I'm not very good about harvesting them, but I always let a few weeds stay in: lamb's quarters, dandelion, purslane, etc. I am also on the lookout for vegetables that self-sow in our climate-- kale, leeks (the sets self-sow, then you divide like usual), chard, parsley, even scarlet runner beans, carrots, etc. Edible, self-sown flowers get a place in the garden, calendula, johnnie jump-ups, borage, nasturtiums, all fill in. Fennel can be wild but can take over as well.
All these take over the borders and blank spaces of every garden bed, whether veggie/annula or flower beds. Dock is a favorite of the chickens, scotch thistle is just so damned cool looking! And, of course, we have native forest plants that want to take room for themselves, so we let them fill in the blanks.
Himalayan blackberries give us a huge harvest for jam, so we let them be unless we really want the space back.

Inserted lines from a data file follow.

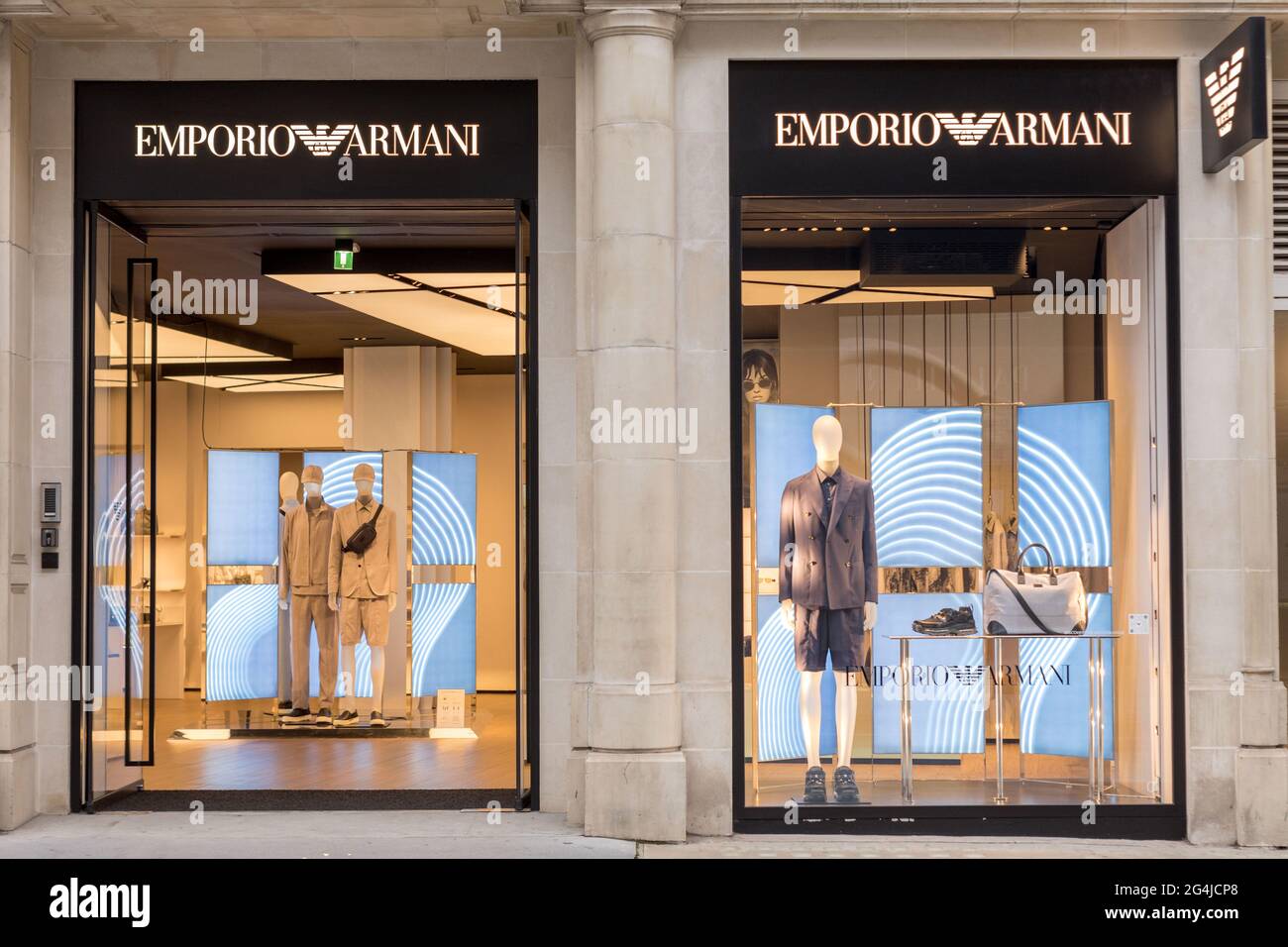 Emporio Armani logo is seen at one of their stores on New Bond Street in  London. (Photo by Belinda Jiao / SOPA Images/Sipa USA Stock Photo - Alamy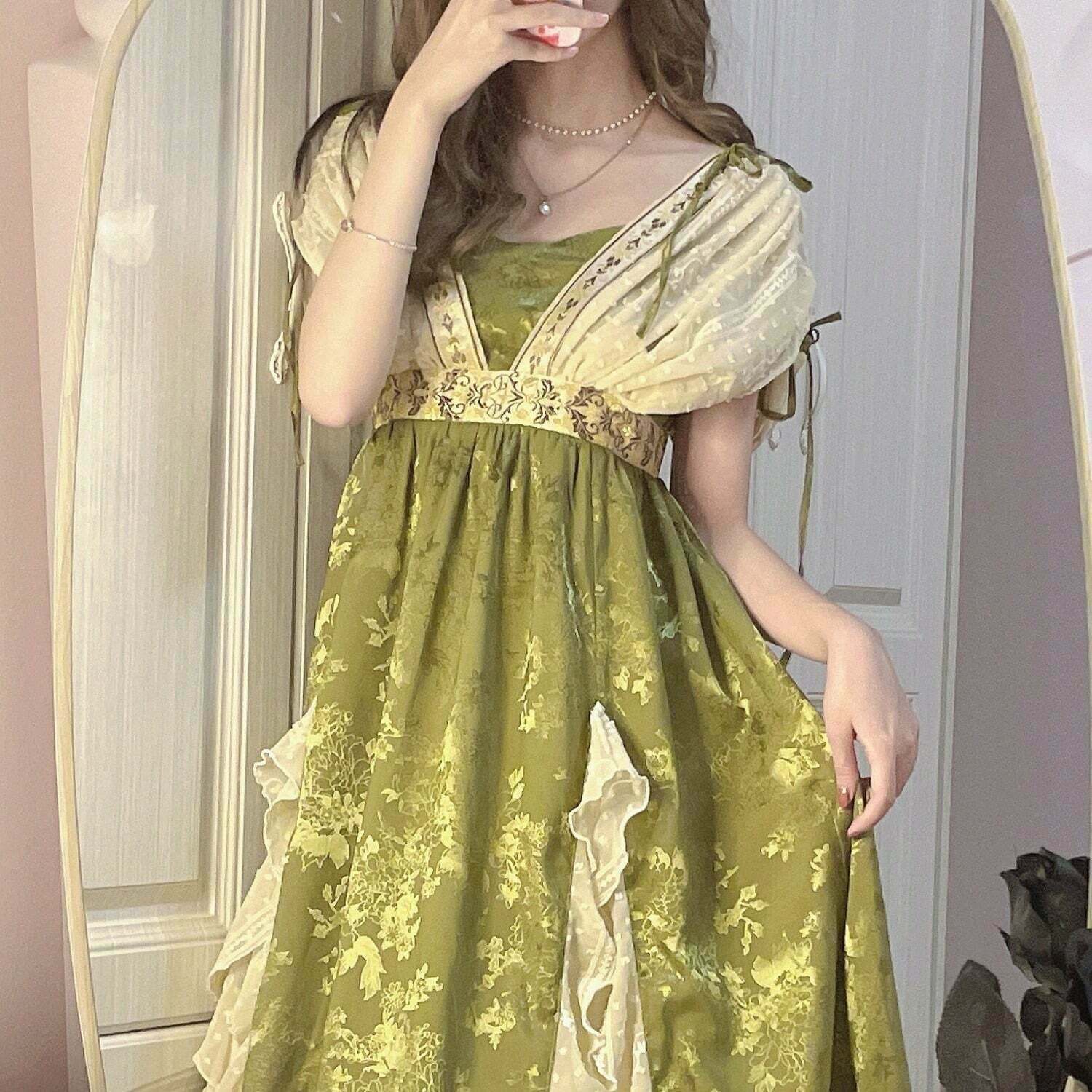 Elven Empress Fairycore Kawaii Dress for Gen Z Streetwear Style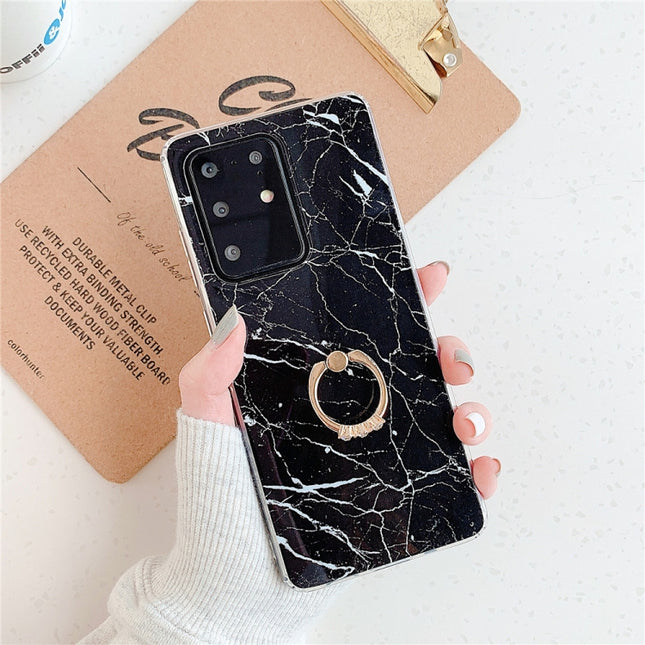 For Galaxy S20 Ultra TPU Smooth Marble with Ring Metal Rhinestone Bracket Mobile Phone Protective Case(Black Q30)-garmade.com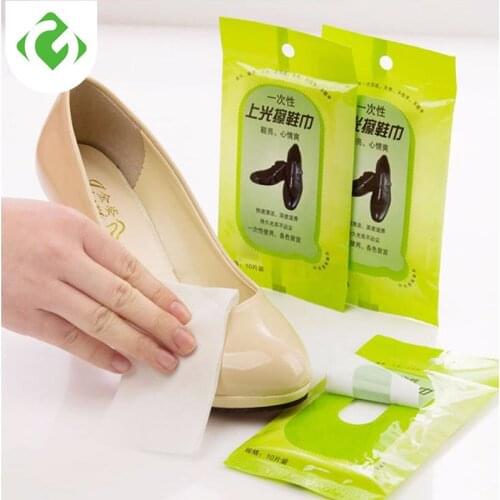10 pcs/set Disposable Wet Wipes Decontamination Shoes Wet Towel Paper Small Bag Portable Leather Shoes Cleaning Care Wipes
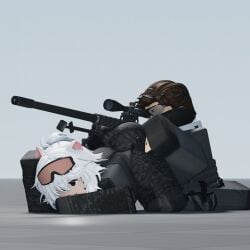 1boy 1girls 3d 3d_(artwork) anti_(phantom_forces) ass baseplate big_ass brickstar328 broker_(phantom_forces) clothed female gun jack-o_pose male phantom_forces roblox roblox_game robloxian tagme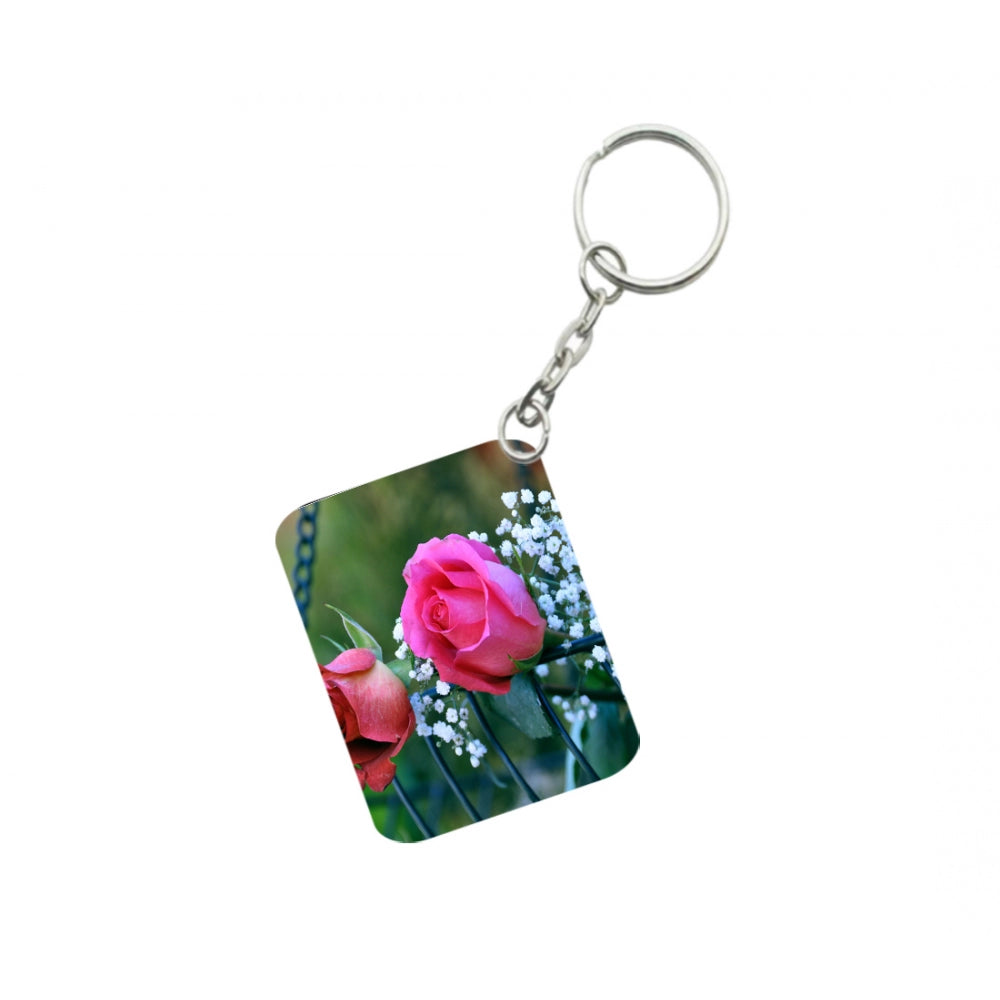 PKR Kart Pack Of 3_ Pink Rose One Side Printed Rectangle Designer Keychain (Pink)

I used to write a gardening column for the local rag. I titled it "The Welcome Garden", after the song "Welcome Table" where "all God's children gonna sit together...", but instead "all God's [earth's] creatures gonna sit together one of these days...." I wrote about everything, but always came back to welcoming all sorts of plants and bugs and, well, nature, into the garden instead of strictly battling X so I can exclusively grow Y, and not viewing the presence of a bug as problem. Hopefully, I influenced a lot of people during my 2 years.
Your post was right up my alley. I knew someone in Seattle that really did have a weed garden, and was the local expert on all things edible, and thankfully shared his expertise with others. Since he wrote books I can tell you his name: Arthur Lee Jacobson.
"She is a mermaid, but approach her with caution. Her mind swims at a depth most would drown in."
Don't forget nettles! They are high in nutrition and come back year after year. For some reason the nettles love growing in my strawberries and raspberries. I don't purposely grow weeds, but do let some stay, like dandelions. I consider them emergency food!
Mom to two boys, ages 8 and 11, and one blessing due May 8th.